Multimode control of chimneys including soil-structure interaction (SSI) under earthquake ground motions is presented. Distributed multiple tuned vibration absorbers (d-MTVAs) are used for multimode control of the chimney including SSI. Assessment of seismic responses is made for the chimney equipped with a single tuned vibration absorber (STVA), the d-MTVAs all suppressing the primary modal responses (d-MTVAs-1), arbitrarily placed d-MTVAs (ad-MTVAs), and d-MTVAs under different real earthquake excitations.
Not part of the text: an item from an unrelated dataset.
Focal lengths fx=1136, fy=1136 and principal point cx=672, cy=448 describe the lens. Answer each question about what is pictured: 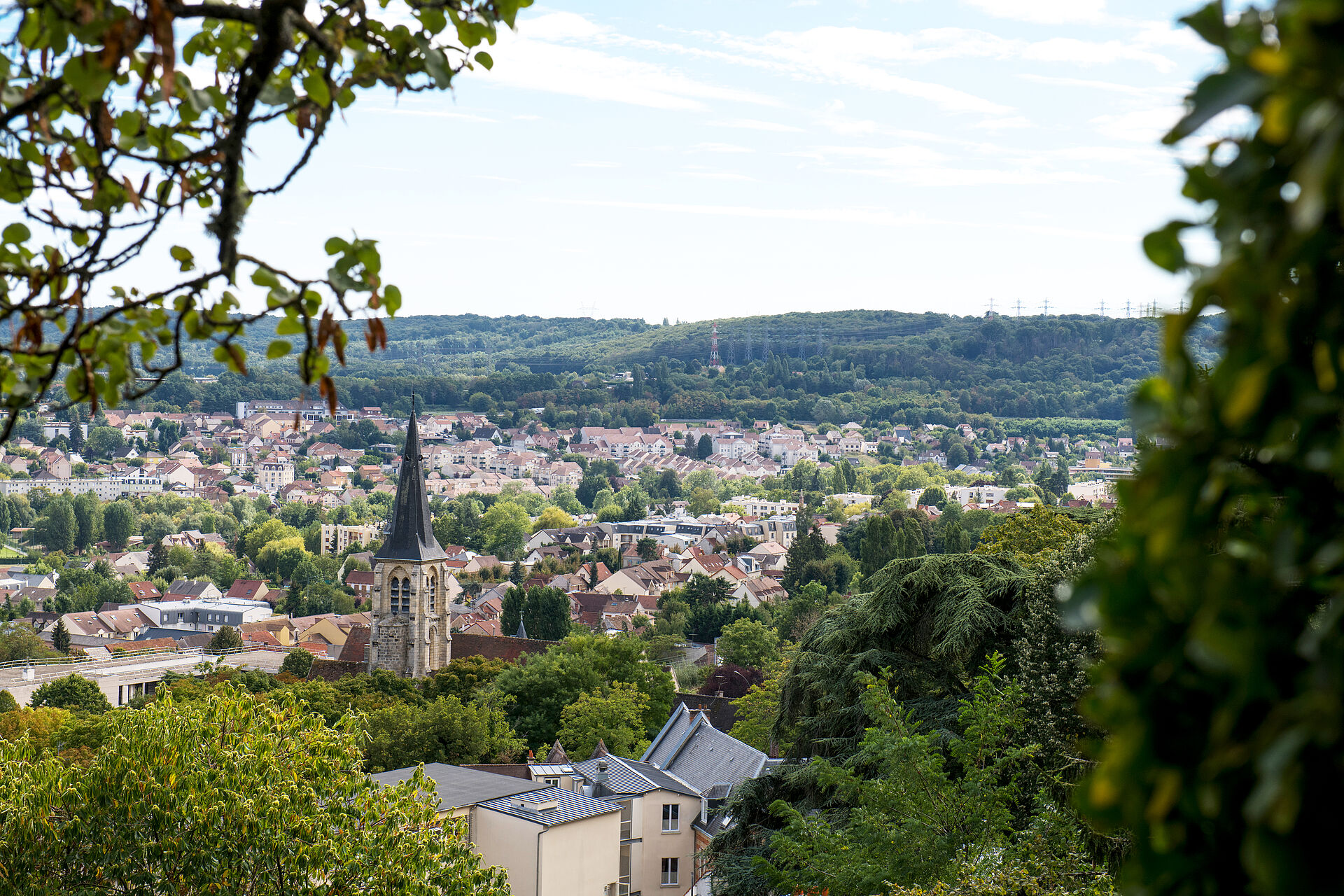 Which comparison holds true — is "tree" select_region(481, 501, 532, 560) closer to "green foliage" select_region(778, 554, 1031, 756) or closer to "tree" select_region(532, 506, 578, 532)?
"tree" select_region(532, 506, 578, 532)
The following conclusions are drawn from the results of the numerical study presented here:(1)The d-MTVAs controlling multimodal response are more consistent in efficiently mitigating the displacement and the acceleration responses.(2)The optimum damping exists for the fixed-base chimney installed with TVAs. However, damping ratios (*ζ*_{d}) may not improve the performance of the different schemes under different soil properties considered herein.(3)The increase in the mass ratio (*µ*) of the TVAs (i.e., masses of the units of the TVA to the mass of the chimney) leads to the increase in the seismic response reduction for most of the schemes studied herein (d-MTVAs, ad-MTVAs, and d-MTVAs).(4)The soil type significantly influenced the design parameters of the STVA/d-MTVAs-1/ad-MTVAs/d-MTVAs schemes and seismic responses of the chimney with flexible foundation. Moreover, the d-MTVAs are more robust as compared to the STVA, d-MTVAs-1, and ad-MTVAs.

#### Data Availability

The data used to support the findings of this study are available from the corresponding author upon request.

#### Conflicts of Interest

The author declares that there are no conflicts of interest.